We are aware that it is difficult to harmonize our conclusions with the ABA's acceptance for publication in its own journal of advertisements in which a legal research service organization represents that it will provide the services of "lawyers who are making a career out of research."
In most communities, operation of the legal research service under the name of the lawyer would be equivalent to a representation that the research services would be performed or supervised by a lawyer. It follows that the legal research service offered by a practicing lawyer may be operated and promoted only under a trade name or corporate name. While Disciplinary Rule DR 2-102(B) provides that "A lawyer in private practice shall not practice under a trade name," we return to the basic assumption that the operation of the legal research service is not the practice of law, and conclude that operation of it under a trade name would not be in violation of DR 2-102(B).
We believe that the lawyer may operate the legal research service out of the same office from which he engages in his general practice of law, so long as the legal research service has a separate telephone and there is no visible indication on the premises that the legal research service is based in the same office. (Cf., ABA Formal Opinion No. 328.) We also believe that he may disclose to potential customers of the legal research service that the work will be done or supervised by him, if no such disclosure is made in publications promoting the service.
The import of DR 2-102(E), as we construe it, is that a lawyer neither may promote his other "business or profession" by advertising that legal expertise is available through it, nor promote his own law practice by using the other "business or profession" as a source or "feeder" of general legal business.
Disciplinary Rule DR 2-101(A) provides that "A lawyer shall not prepare, cause to be prepared, use, or participate in the use of, any form of public communication that contains professionally self-laudatory statements calculated to attract law clients ... ." Disciplinary Rule DR 2-102 imposes severe restrictions upon "advertising" by lawyers; and Disciplinary Rule DR 2-103 generally prohibits a lawyer from recommending employment of himself to lay clients, requesting others to recommend him, compensating others for recommending him, or accepting employment which is offered to him as a result of such prohibited conduct.

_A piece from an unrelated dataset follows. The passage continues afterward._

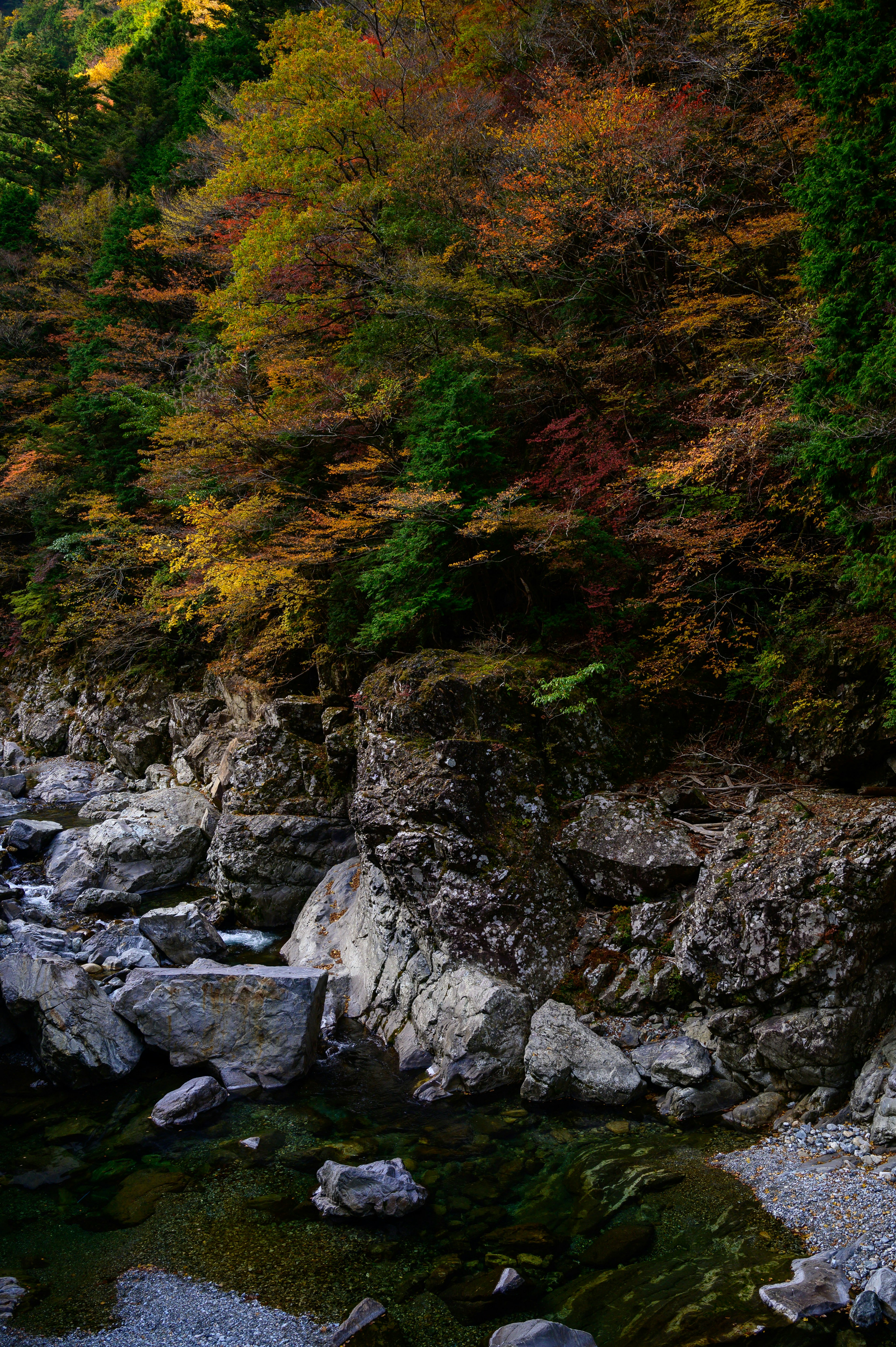 色とりどりの秋の葉が茂る山の斜面と岩の多い川の景色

In light of Disciplinary Rules DR 2-101, 2-102, and 2-103, and in order to avoid "even the appearance of impropriety" (Canon 9; Ethical Consideration EC 9-6), we believe that the lawyer who operates a legal research service should be precluded from accepting any general legal work (that is, legal work other than such research work) which is offered to him through, or as a result of his operation of, the legal research service. For example, if his legal research service provides a draft appellate brief to a lawyer "customer," the lawyer who operates the legal research service should not then agree to argue the case in court; and under no circumstances should he accept employment by a nonlawyer who has been attracted by a publication made for the purpose of promoting the legal research service.


Permission to publish granted by the Board of Delegates, 1975. As stated in the Rules of the Committee on Professional Ethics, this advice is that of a committee without official governmental status.